JOURNAL OF A COMPULSIVE READER
By Charles Matthews

Saturday, September 17, 2011

5. A Storm of Swords, by George R.R. Martin, pp. 146-187

Jaime

From the river, Jaime spots an inn and points it out to Brienne and Ser Cleos, who remembers stopping there once. It appears to be deserted, but they pull up to its dock to see if there is any food left in it, and possibly to shelter there for the night. Cleos identifies it as "the Inn of the Kneeling Man," built on "the very spot where the last King in the North knelt before Aegon the Conqueror to offer his submission."

Then they hear the whinny of a horse from the stable, but when Jaime opens the door of the inn he is confronted by "a chunky boy of fifteen" aiming a crossbow at him. Jaime says that if the boy shoots him, Ser Cleos will kill him before he can reload, and Brienne assures him that they have money to pay for food and drink if they have any. A man comes up from the cellar and says they have horsemeat to sell.

The man says he found the innkeeper dead and buried him out back, so he and his wife moved in. The boy showed up and they took him in after their own sons died. The boy's mother was killed by the Bloody Mummers. As he feeds them, he asks where they are headed and calls them fools when Jaime says they're going to King's Landing. "Last I heard, King Stannis was outside the city walls. They say he has a hundred thousand men and a magic sword." Brienne tells him that she plans to sail down the Trident to the sea, then go overland by way of Duskendale and Rosby to avoid the worst of the fighting. But the man tells them that the river has been blocked by sunken boats thirty miles downriver and outlaws have been attacking anyone who tries to go that way. Also, "the lightning lord," Beric Dondarrion, has been ranging through the area, accompanied by Thoros of Myr, "the red wizard." And Roose Bolton has been controlling the fords to the rivers.

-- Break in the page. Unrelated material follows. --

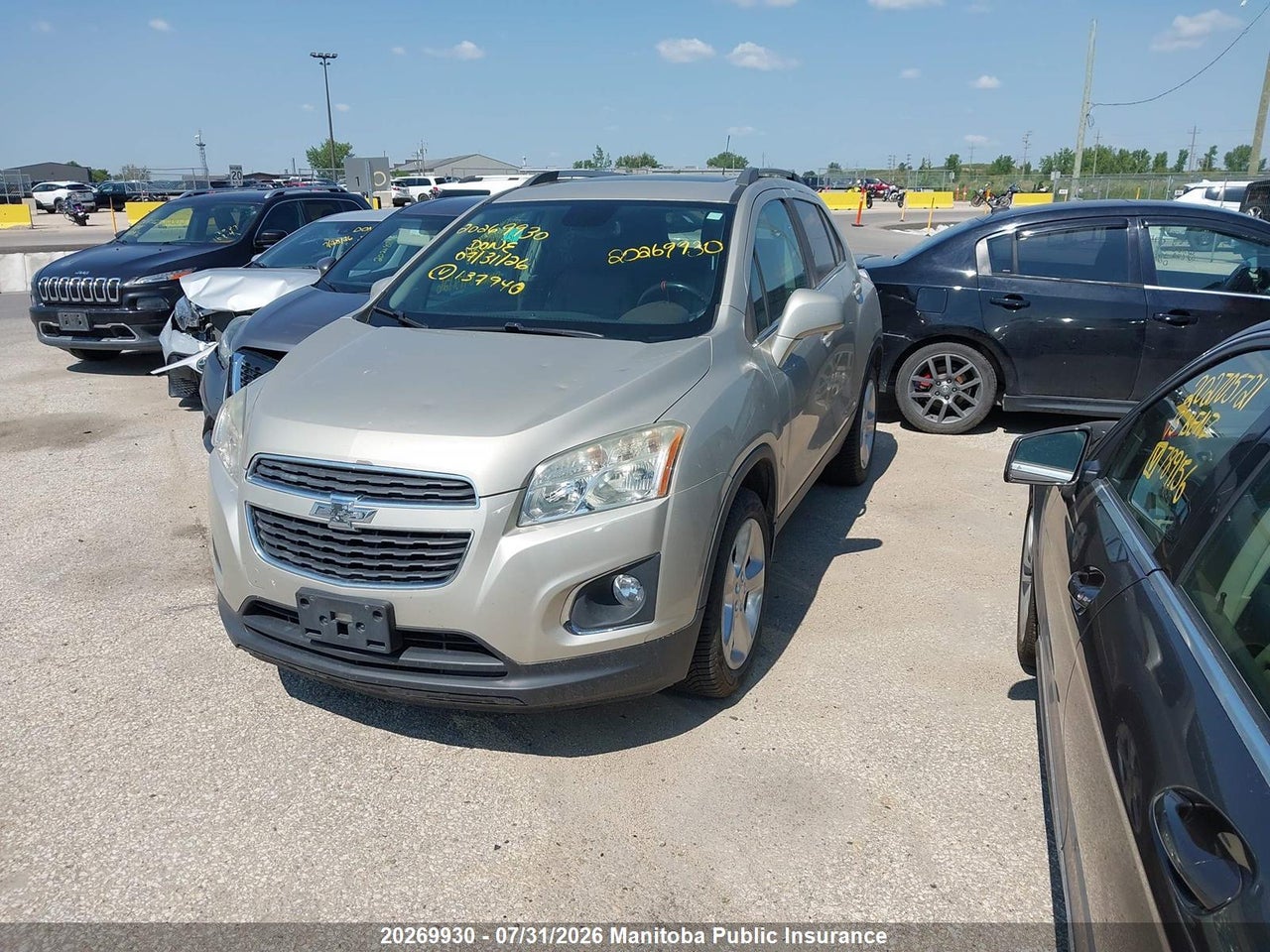 3GNCJTSB0FL137940 · 2015 CHEVROLET TRAX LTZ · 2/18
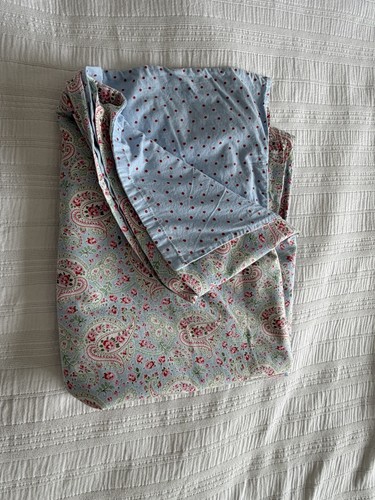 Ikea blue pink paisley - blue,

He advises them to go overland from the inn, avoiding the roads and sheltering in the woods at night. Brienne says they would need horses, and Jaime mentions that he heard one in the stables. He says they're not for sale, but agrees to show them anyway. There is a big plow horse, a gelding with only one eye, and a grey palfrey. Brienne offers him three gold pieces for them, and throws in their skiff when he shows reluctance.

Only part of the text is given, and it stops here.